Prof. Rolf-Rüdiger Radeisen
Kommentar
Lieferungen im Zusammenhang mit einem Konsignationslager können bei grenzüberschreitenden Warenbewegungen zu unterschiedlichen Konsequenzen führen. Nachdem der BFH sich grundsätzlich zu der Lieferung über ein in Deutschland unterhaltenes Konsignationslager eines in einem anderen Mitgliedstaat ansässigen Unternehmers geäußert hatte, hatte das BMF im Oktober 2017 den UStAE angepasst.
Werden Gegenstände aber über ein solches Konsignationslager in einem anderen Mitgliedstaat ausgeliefert, ergeben sich in Abhängigkeit der Abwicklung des Liefergeschäfts die folgenden Varianten:
- Die Lieferung des Verkäufers ist schon im Ausgangsmitgliedstaat ausgeführt worden und dort – soweit die Voraussetzungen für eine steuerfreie innergemeinschaftliche Lieferung erfüllt sind – steuerfrei. Der Erwerber muss im Bestimmungsmitgliedstaat einen innergemeinschaftlichen Erwerb der Besteuerung unterwerfen. Diese Variante liegt vor, wenn bei Beginn der Beförderung der Abnehmer schon feststeht und auch eine verbindliche Abnahme erklärt worden ist. In diesem Fall ist eine kurzzeitige Lagerung im Konsignationslager nicht schädlich für die Annahme einer schon am Abgangsort ausgeführten Lieferung.

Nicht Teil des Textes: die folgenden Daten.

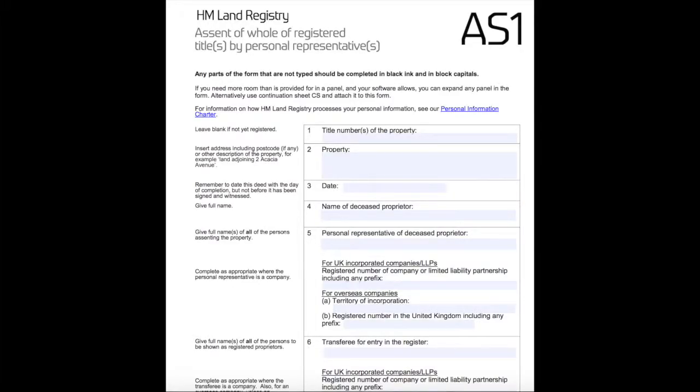The last thing I would like to draw your attention to is that when you are dealing with personal representatives, as in our scenario, you must use form AS1 for an assent of a property from personal representatives to beneficiaries. Unlike the forms previously mentioned, an assent is a transfer of a property and it needs to be signed and witnessed as any other transfer document.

- Der liefernde Unternehmer muss ein innergemeinschaftliches Verbringen zur eigenen Verwendung im Ausgangsmitgliedstaat und Bestimmungsmitgliedstaat der Besteuerung unterwerfen. Anschließend hat er im Moment der Abnahme der Gegenstände durch den Leistungsempfänger eine nach den Vorschriften des Bestimmungsmitgliedstaats dort steuerbare und regelmäßig steuerpflichtige Lieferung. Der Käufer hat keinen innergemeinschaftlichen Erwerb. Diese Variante liegt vor, wenn bei Beginn der Beförderung der Abnehmer noch nicht feststeht oder von einem feststehenden Abnehmer keine verbindliche Abnahme erklärt worden ist.
Für die Lieferungen aus einem anderen Mitgliedstaat in das Inland über ein Konsignationslager hat die Finanzverwaltung bis 31.12.2018 eine Nichtbeanstandungsregelung getroffen. Bis dahin wird es nicht beanstandet, wenn unterschiedslos von der zweiten Variante ausgegangen wird.
Die OFD Frankfurt a. M. hat in seiner aktualisierten Rundverfügung die Grundsätze aus dem BMF-Schreiben mit aufgenommen. Da das BMF-Schreiben die Lieferung aus dem übrigen Gemeinschaftsgebiet über ein im Inland belegenes Konsignationslager betrifft, sind in der Rundverfügung weitergehende Informationen für die Praxis enthalten:
- Bei der Lieferung eines nicht im Gemeinschaftsgebiet ansässigen Unternehmers über ein im Inland belegenen Konsignationslager müssen drittlandsgrenzüberschreitende Besonderheiten beachtet werden. Hier sind insbesondere die Möglichkeit der Verlagerung des Orts der Lieferung nach § 3 Abs. 8 UStG oder die Steuerbefreiung nach § 4 Nr. 4b UStG zu beachten.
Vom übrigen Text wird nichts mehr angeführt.